Masahiro Sugiyama, Shinichiro Asayama, Takanobu Kosugi, and Atsushi Ishii
This is an advance summary of a forthcoming article in the Oxford Research Encyclopedia of Climate Science. Please check back later for the full article.
Climate engineering, a set of techniques proposed to directly intervene in the climate system to reduce risks from climate change, presents many novel governance challenges. Solar radiation management (SRM), particularly stratospheric aerosol injection (SAI), is one of the most discussed proposals. It has been gaining interest, and its pertinence as a potential option for responding to the threats from climate change may be set to increase because of the long-term temperature goal (well below 2 ˚C or 1.5 ˚C) inscribed in the 2015 Paris Agreement. Initial research has demonstrated that SAI would cool the climate system and reduce climate risks in many aspects, though it is mired in unknown environmental risks and various sociopolitical ramifications. The proposed techniques are in the initial stage of research and development, providing a unique opportunity for upstream public engagement, long touted as a desirable pathway to more plural and inclusive governance of emergent technologies by opening up social choices in technology.
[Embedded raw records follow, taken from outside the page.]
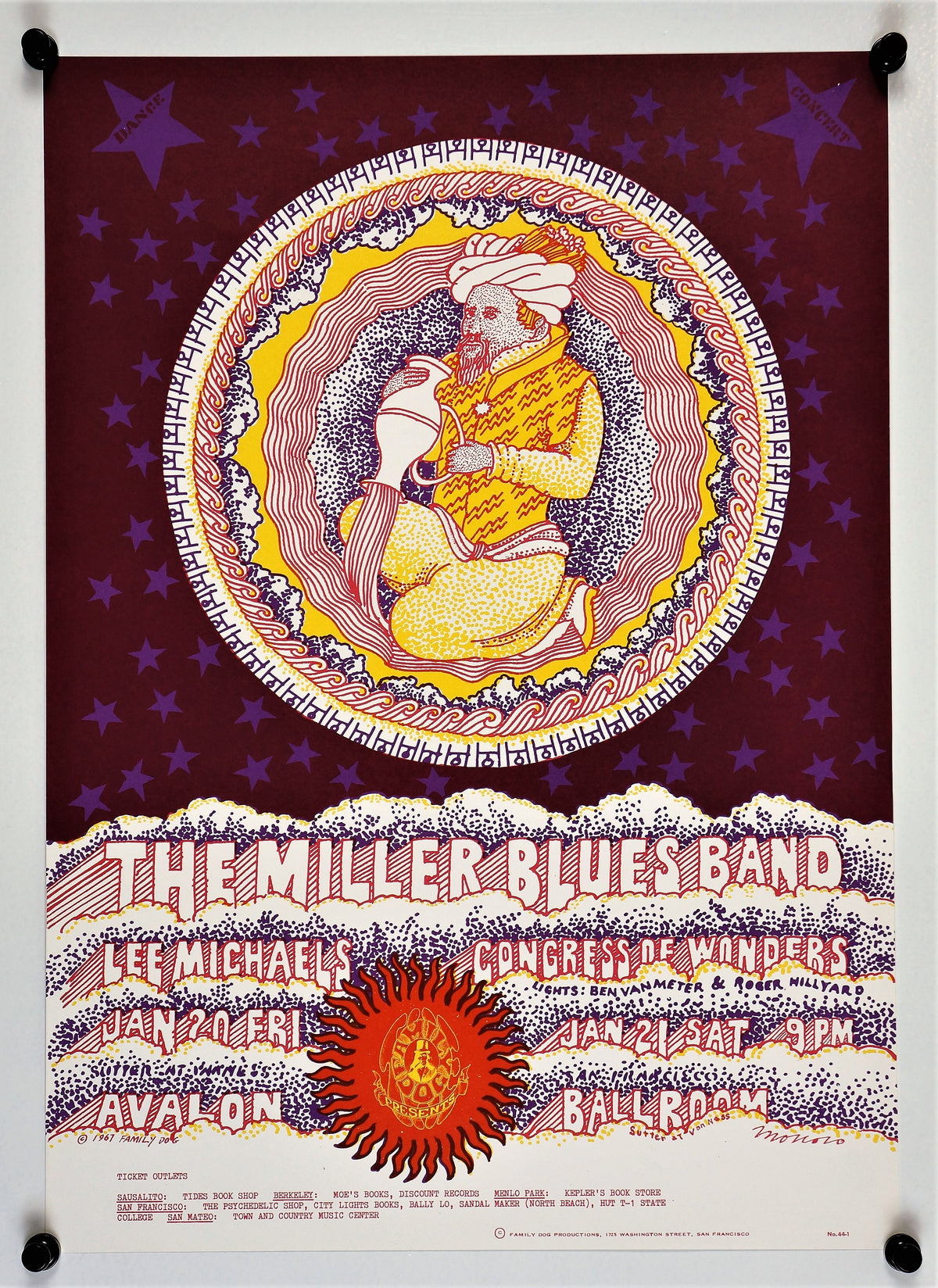 The Miller Blues Band - Authentic Vintage Poster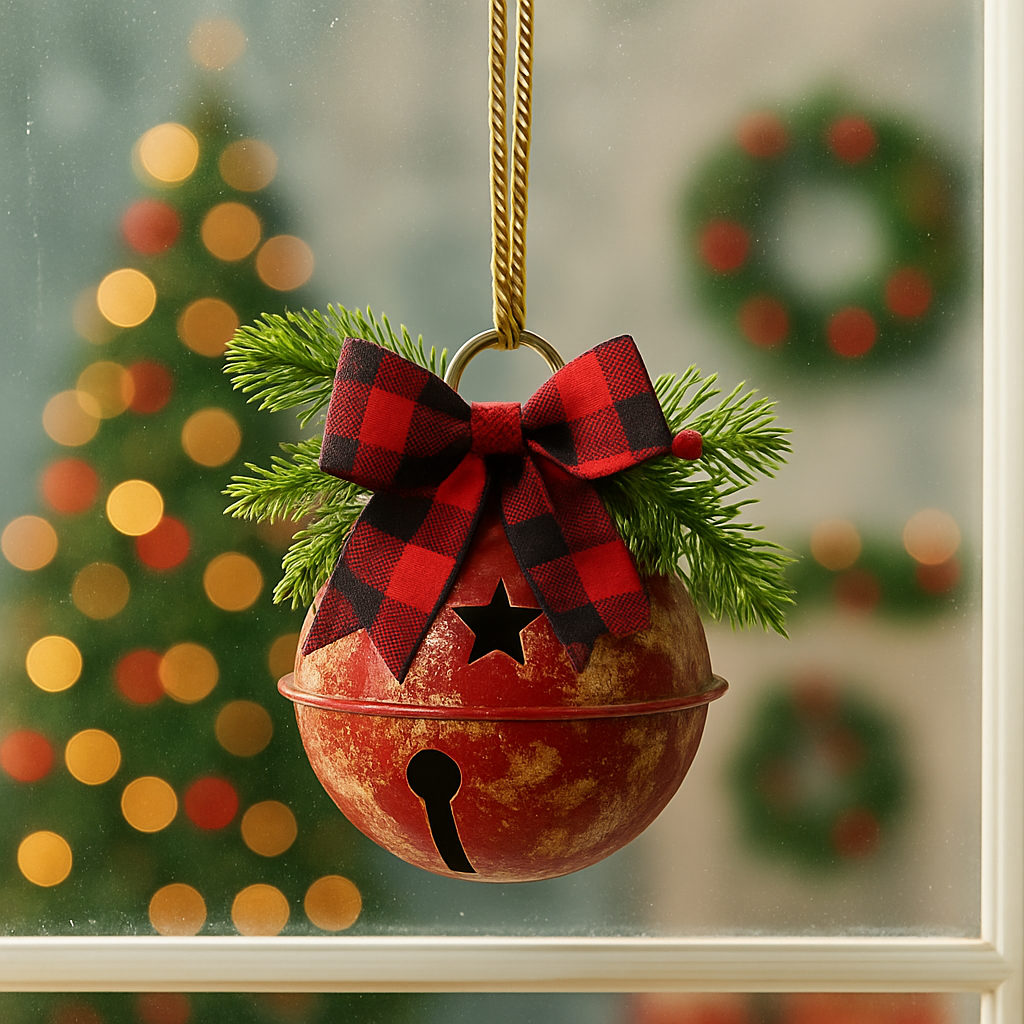 JingleCrest | Couronne de cloches de Noël élégante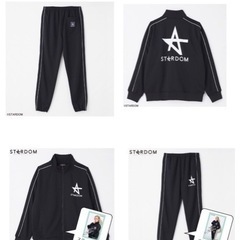 ☆アベイル STARDOM トラックジャケット&パンツ☆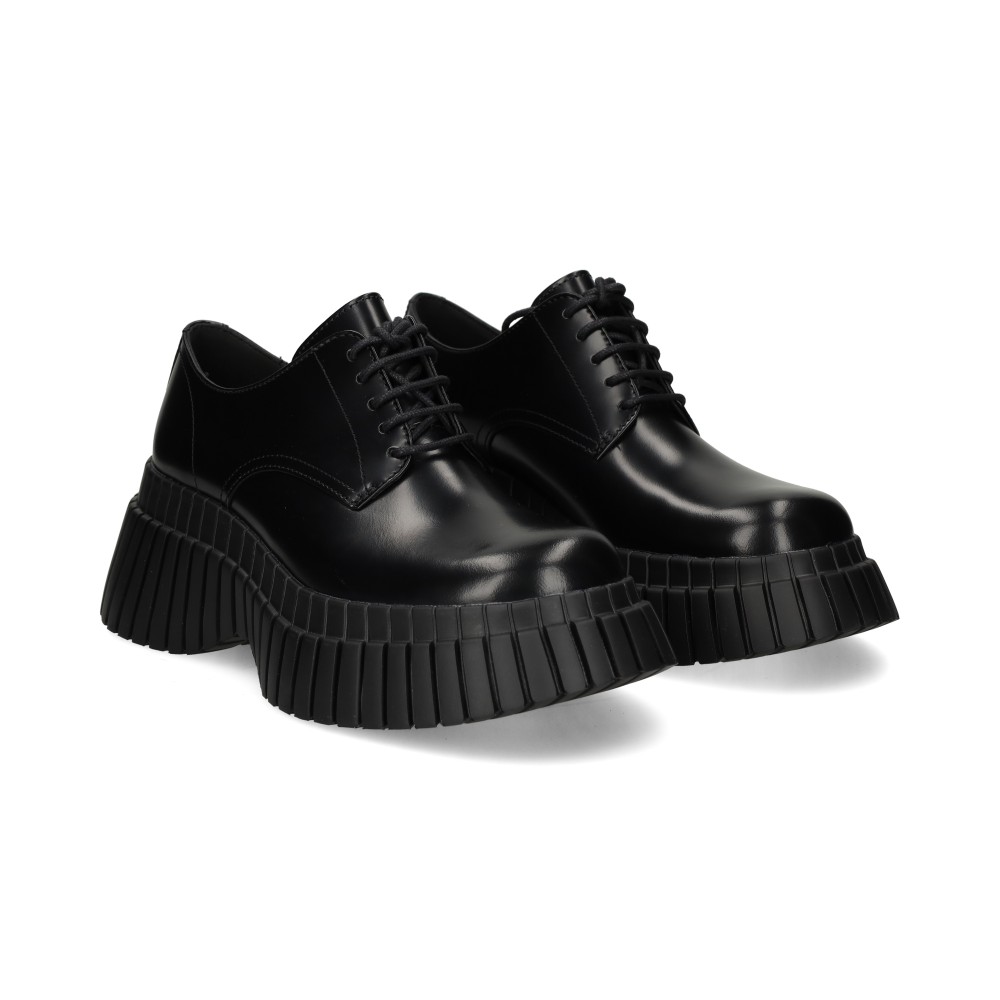 camper zapatos blucher mujer - negro talla 41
Path dependency of socio-technical development of SRM implies that the coming next decade constitutes a crucial period that would determine whether, and how, this hypothetical technology might be developed and incorporated into broader debate on climate change. Among others, one of the most acute challenges is how to forge international collaboration on SRM research, particularly relevant to pressing issues such as the assessment of benefits and impacts of SRM in local contexts as well as the design of (or ban on) field experiments. Such research collaboration across countries would be a prerequisite for effective governance of deployment, if it would ever be used. Deeper integration of natural and social sciences will be a key, along with public dialogue with citizens around the world, whose lives will be affected in good and bad ways. Such integration presents fundamental methodological and epistemic challenges to which the academic community must rise.